The National Green Tribunal was established on October 18, 2010 under the National Green Tribunal Act 2010.
Established for the effective and timely resolution of matters involving environmental protection and forest and other natural resource conservation.
The Tribunal's Principal Place of Sitting will be New Delhi, and the other four places of sitting would be Bhopal, Pune, Kolkata, and Chennai.
The Tribunal is not limited by the procedure set down in the Code of Civil Procedure, 1908, but is instead influenced by natural justice principles.
The NGT is required to issue a final decision on petitions or appeals within six months of their submission.
India became the third country in the world, after Australia and New Zealand, to establish a specialised environmental tribunal, and the first developing country to do so with the founding of the NGT.
Composition:
The act provides for up to 40 members to be sanctioned (20 expert members and 20 judicial members).

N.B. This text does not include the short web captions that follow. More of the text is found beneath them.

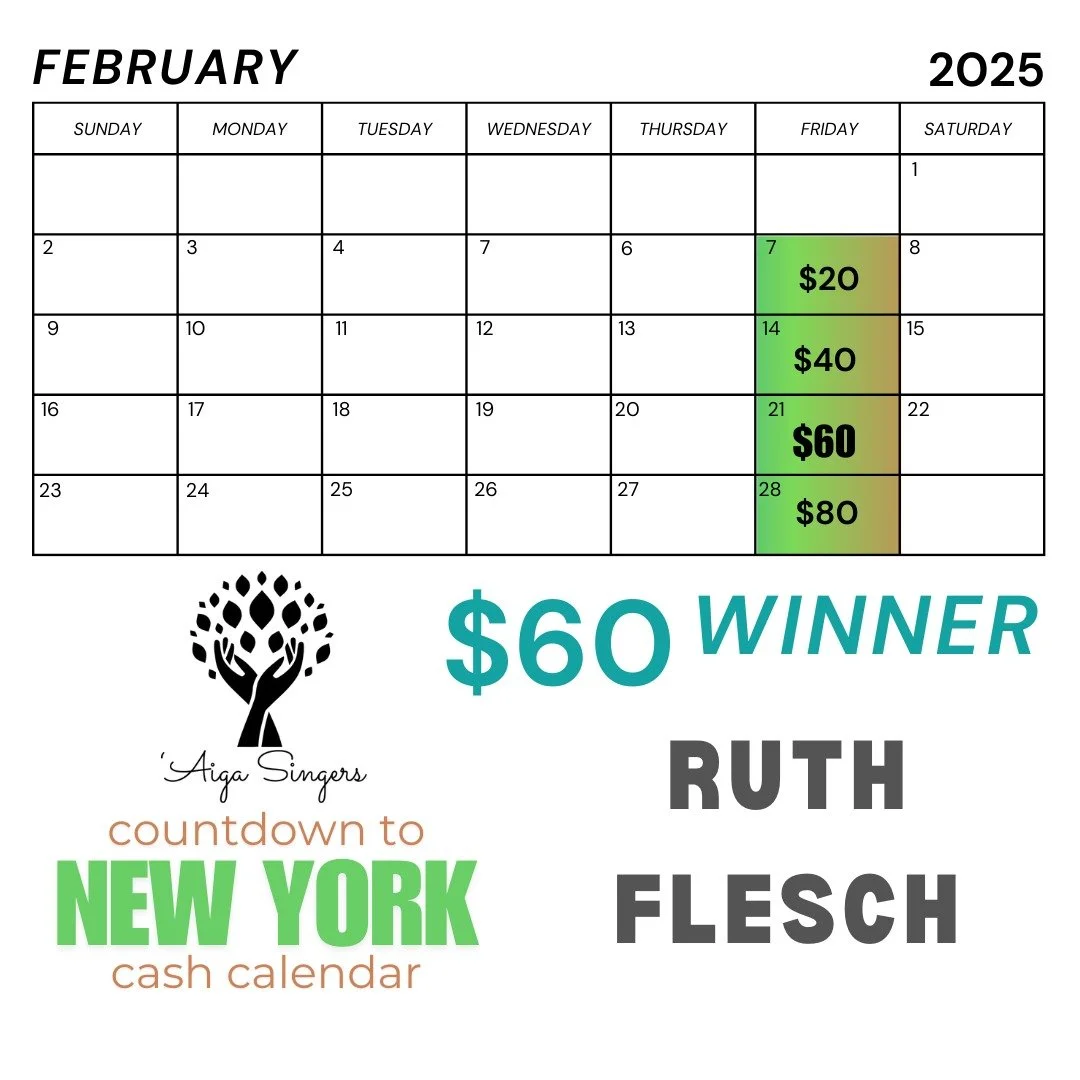Congratulations Ruth Flesch, our third cash calendar winner! Thank you so much for your support of 'Aiga Singers from day one!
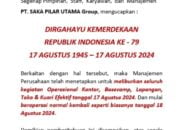 PT. SAKA PILAR UTAMA Group Hentikan Aktifitas Rayakan HUT Kemerdekaan RI ke-79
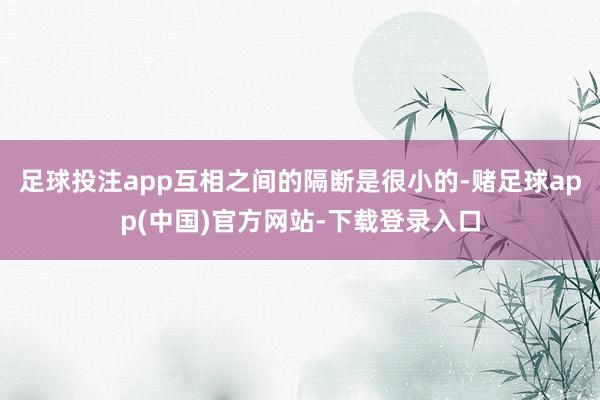 足球投注app互相之间的隔断是很小的-赌足球app(中国)官方网站-下载登录入口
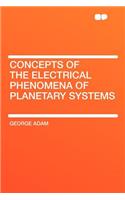 Concepts of the Electrical Phenomena of Planetary Systems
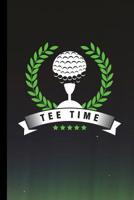 Tee Time: Golfing Gift For Golfers (6x9) Dot Grid Notebook To Write In 1095946749 Book Cover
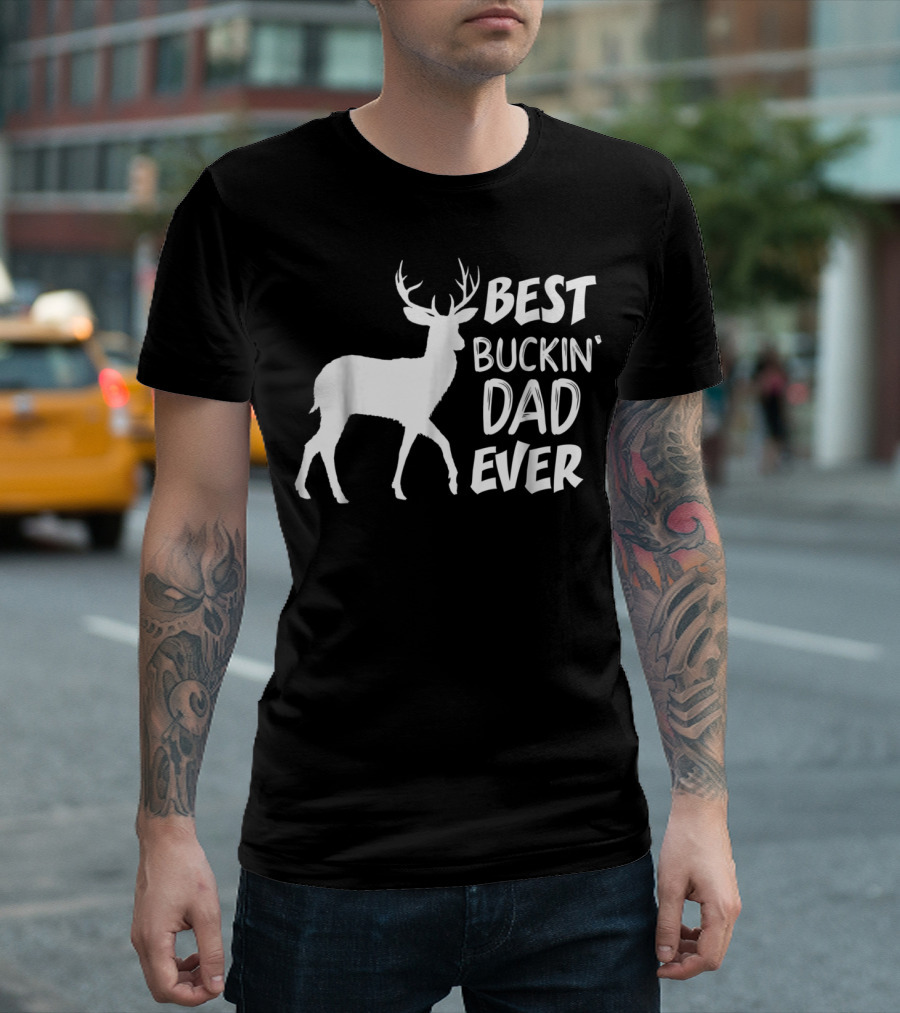 Best Buckin Dad Ever Deer Hunter T-Shirt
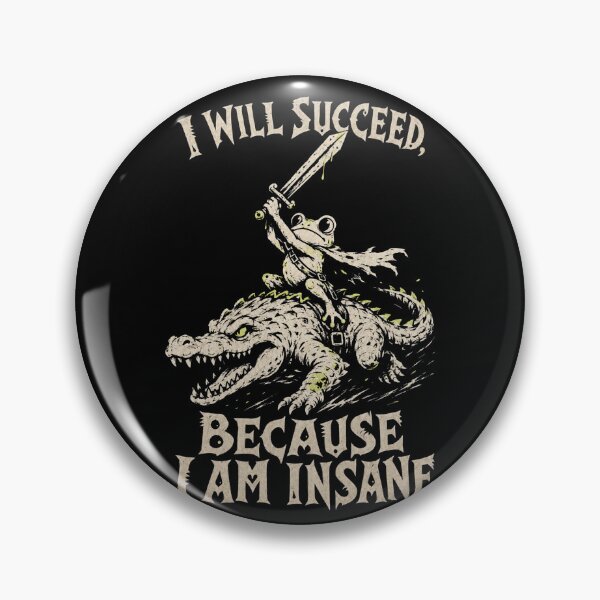 Item preview, I Will Succeed Because I Am Insane - Frog Knight designed and sold by FocusedPatterns.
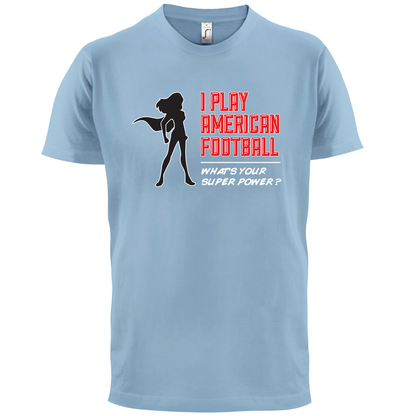 I Play American Football What's Your Super Power FEMALE DESIGN T Shirt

Chairman: Is the tribunal's administrative head, as well as a judicial member, and must be a serving or retired Chief Justice of a High Court or a Supreme Court of India judge.
Appointment:
A screening committee (led by a sitting judge of the Supreme Court of India) analyses applications and conducts interviews to choose members.
Applicants who are serving or retired judges of High Courts are chosen as judicial members.
Expert members are chosen from among applicants who are either serving or retired bureaucrats with a minimum of five years of administrative experience dealing with environmental issues and who are not below the rank of Additional Secretary to the Government of India (not below the rank of Principal Secretary if serving under a state government). Alternatively, the experts must hold a doctorate in a related discipline.